L’expérience africaine récente, telle qu’elle apparaît dans les documents fournis, pousse à la prudence. L’OMS Afrique relie explicitement le nouveau stock au contexte des foyers transfrontaliers et aux obstacles d’accès rencontrés pendant la réponse de 2024, notamment après la diffusion du clade Ib. L’article académique publié dans Vaccine et relayé via le portail documentaire d’Africa CDC avance qu’Africa CDC et l’OMS estimaient à au moins 6,4 millions le nombre de doses nécessaires pour interrompre la transmission et réduire de moitié les cas dans les pays endémiques d’ici août 2025, en supposant une stratégie à une dose. Ce même article indique qu’en juillet 2025, 3,1 millions de doses avaient été expédiées vers des pays africains depuis août 2024. Selon cette analyse, une partie importante de ces volumes provenait d’un don bilatéral japonais à la RDC, le reste de MVA-BN via l’AAM et d’autres accords.
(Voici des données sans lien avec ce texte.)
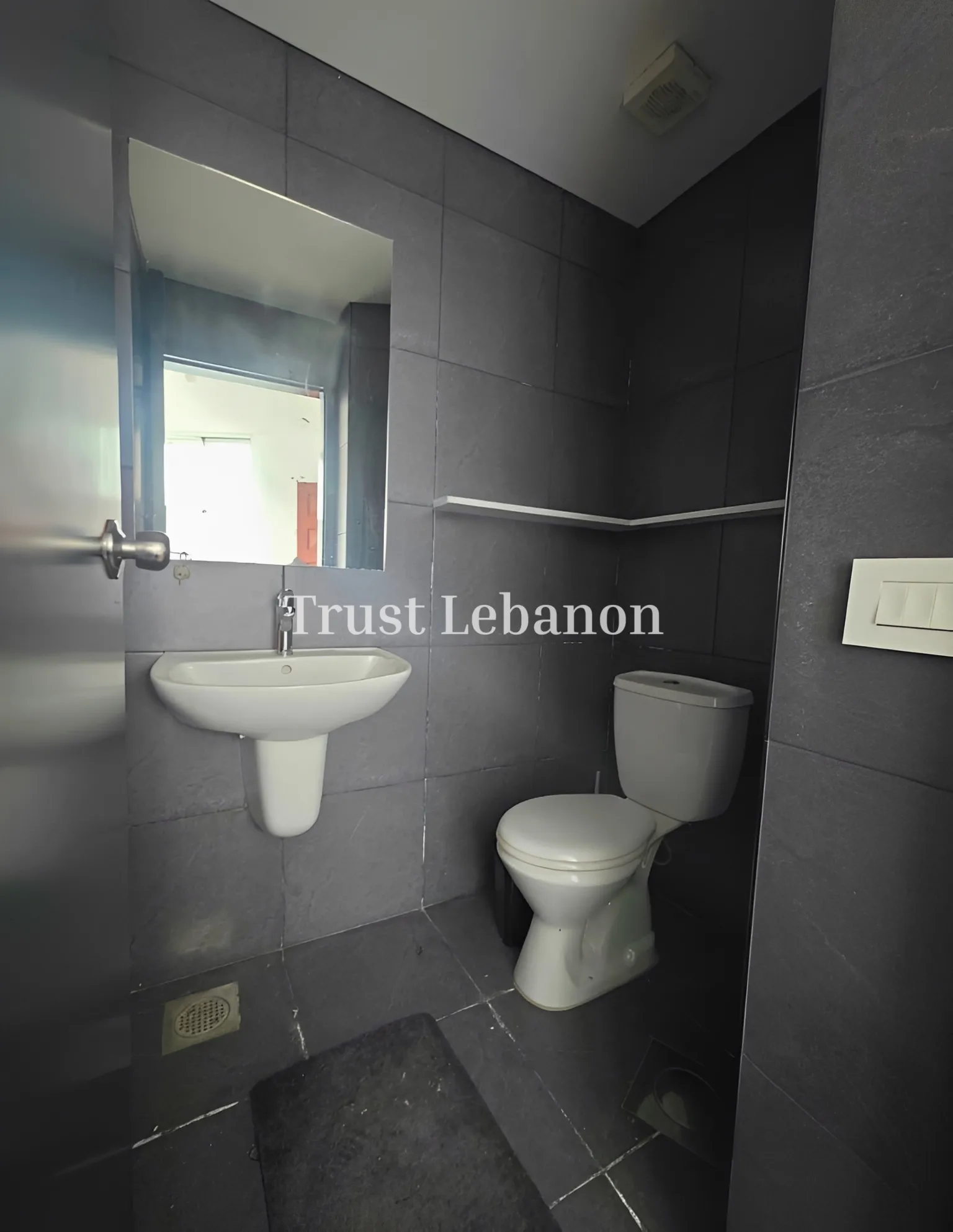 Office for rent in Zouk Mikael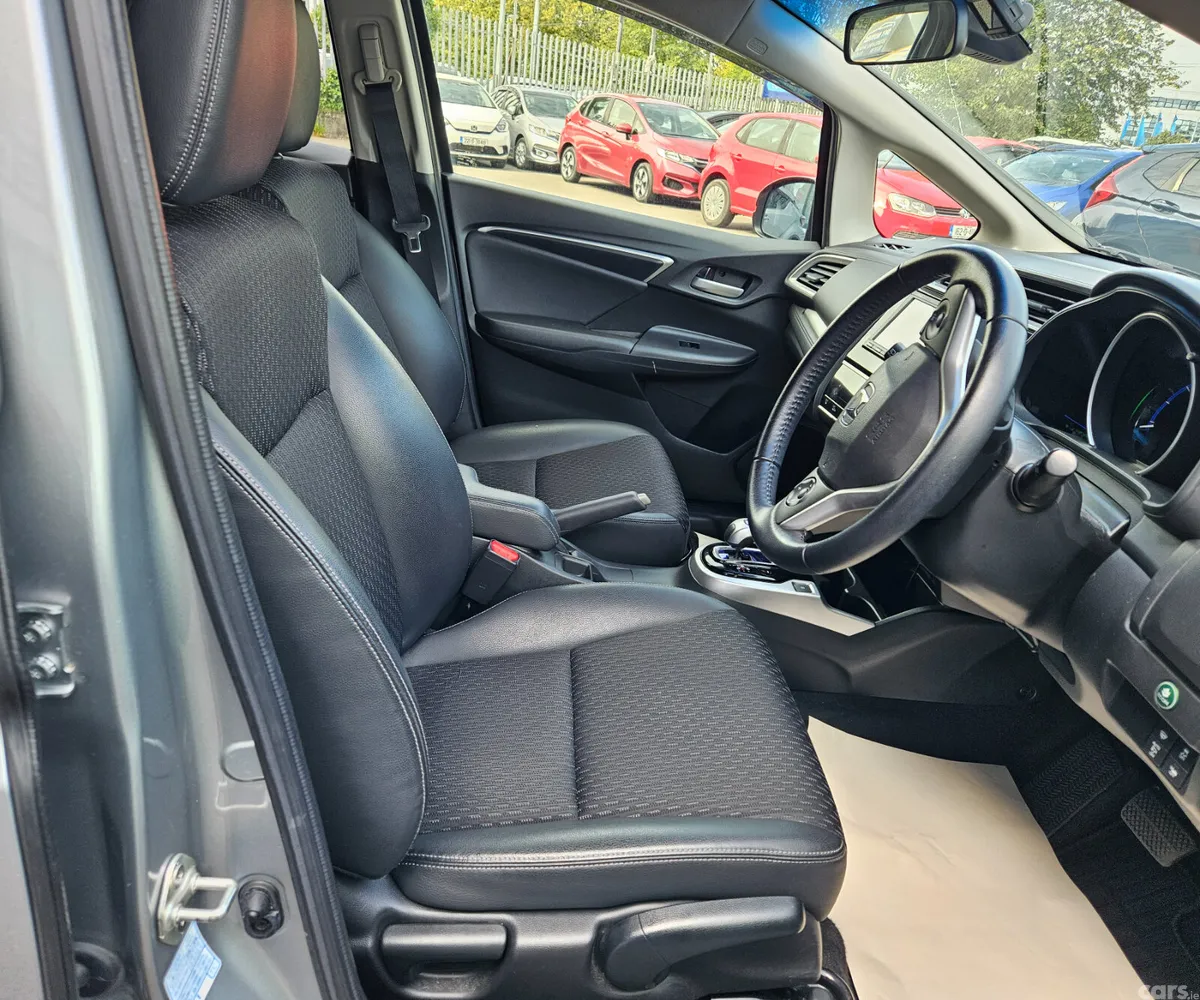 Honda Fit Hatchback, Petrol Hybrid, 2016, Silver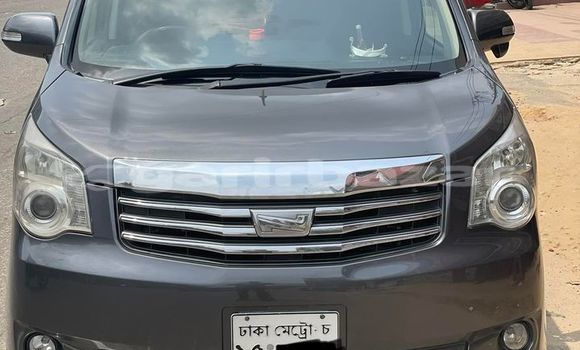 Buy Used 2011 Toyota Noah in Dhaka, Dhaka Buy Used 2011 Toyota Noah in Dhaka, Dhaka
Ce rappel ne contredit pas l’annonce de 2026, mais il en fixe la barre de crédibilité. Si l’on suit l’article de Vaccine, l’équité ne dépendait pas seulement de l’existence d’un mécanisme international ; elle dépendait aussi du nombre de doses effectivement disponibles et de la vitesse avec laquelle elles pouvaient parvenir aux pays concernés. L’article ajoute que l’allocation passait par un comité technique d’examen fondé sur l’épidémiologie et l’état de préparation des pays. Ce point éclaire un débat délicat : une allocation fondée sur le risque sanitaire et la capacité de déploiement peut être défendue au nom de l’efficacité, mais elle peut aussi désavantager des pays moins préparés administrativement.
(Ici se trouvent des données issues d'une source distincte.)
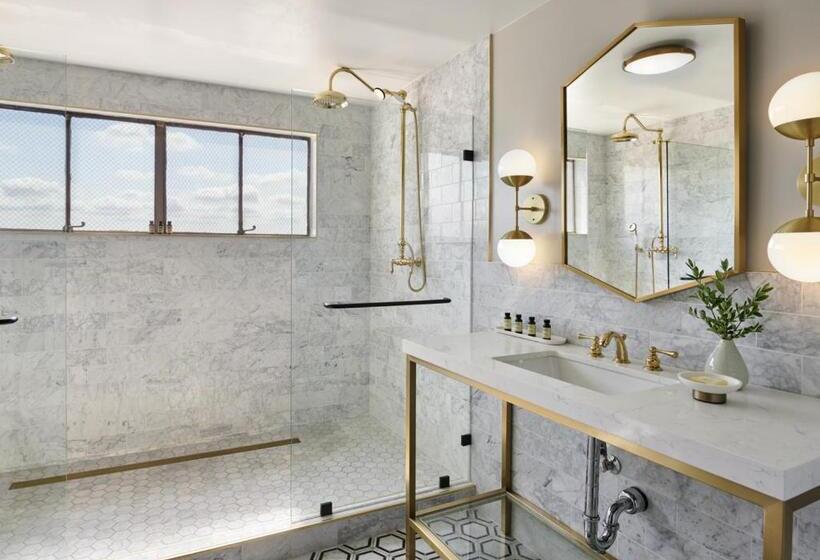 エクゼクティブスイート, The Darling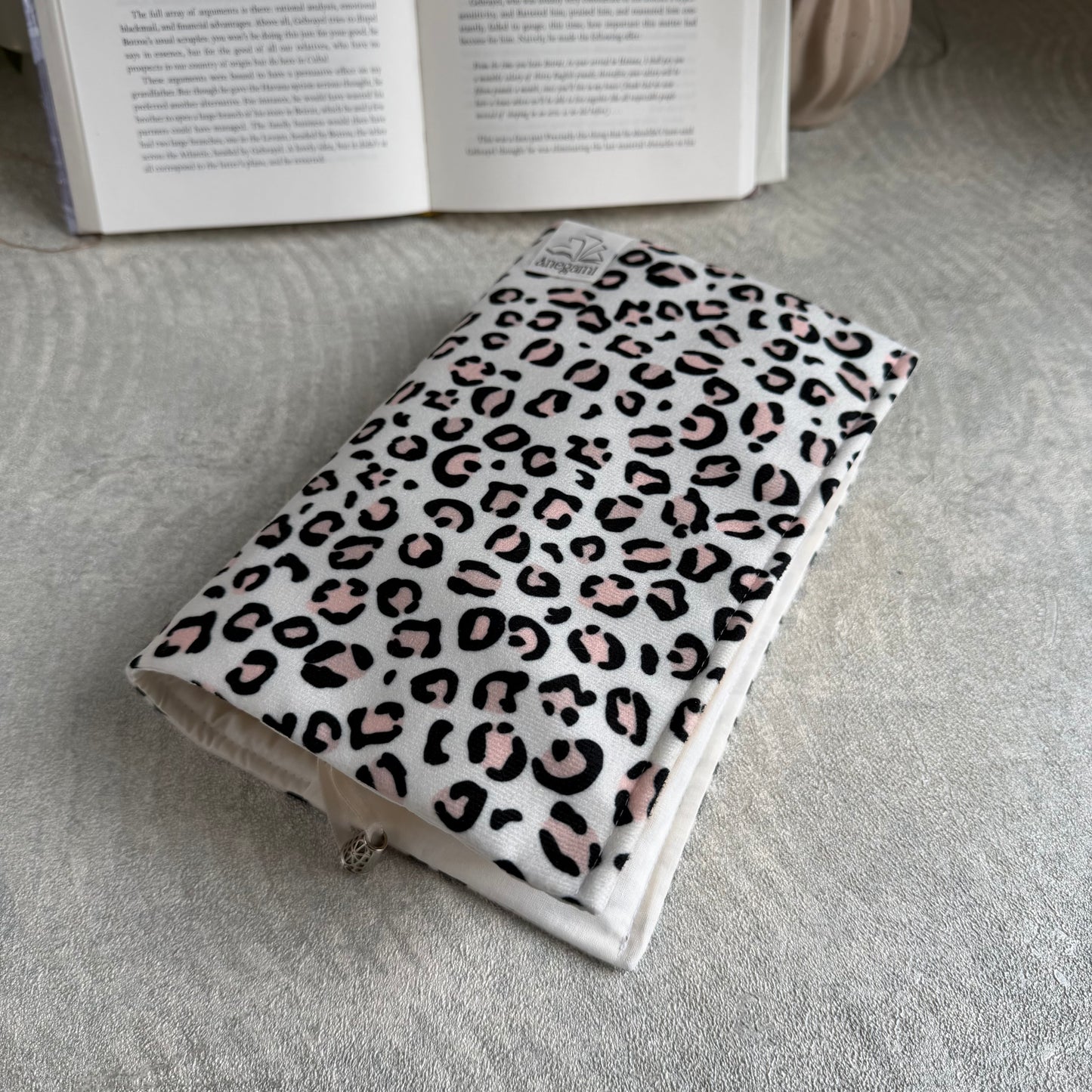 Подвързия за книга "Velvet Leopard "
C’est l’un des angles morts de l’annonce actuelle. Les organisations signataires affirment, selon le communiqué publié par l’OMS, que tous les pays pourront accéder au stock mondial. Mais les documents publics fournis ne permettent pas encore de savoir comment seront arbitrées les demandes si plusieurs pays sollicitent des doses en même temps, ni quelle place sera accordée aux pays déjà endémiques, aux foyers transfrontaliers ou aux États disposant de dispositifs nationaux plus faibles. Le terme d’ »accès » reste donc plus large que les garanties effectivement décrites.
Autre limite du dossier disponible : il renseigne le rôle de Gavi comme financeur, mais pas la taille de l’effort financier. La publication de Gavi confirme l’ancrage du stock dans sa stratégie et son rôle politique dans la mise en place du dispositif. Elle ne précise toutefois ni l’enveloppe engagée ni la manière dont le stock sera reconstitué après utilisation. Sans ces données, il est difficile d’estimer si l’initiative constitue surtout un instrument de coordination ou un vrai saut capacitaire.
En l’état, les faits les plus solides sont donc les suivants : un stock mondial de vaccins mpox a bien été lancé fin août 2026 ; il doit devenir opérationnel plus tard en septembre ; Gavi en finance le principe ; l’ICG en assurera la coordination avec l’OMS, l’UNICEF, l’IFRC et MSF ; et cette création intervient alors que le mécanisme d’accès précédent disposait, selon l’OMS, d’un reliquat limité. Le reste — ampleur réelle des réserves, rapidité d’envoi, critères exacts d’allocation, articulation avec les besoins africains et les préparations nationales — relève encore de questions ouvertes plutôt que de réponses publiques.
La promesse d’équité, elle, se jouera moins dans le communiqué que dans les premières allocations. Les précédents rappelés par Gavi, l’OMS Afrique et l’article de Vaccine convergent sur un point : l’inégalité d’accès ne se mesure pas seulement à l’existence d’une règle commune, mais à la capacité d’obtenir des doses suffisantes au bon moment. C’est précisément ce que les sources disponibles ne permettent pas encore de vérifier.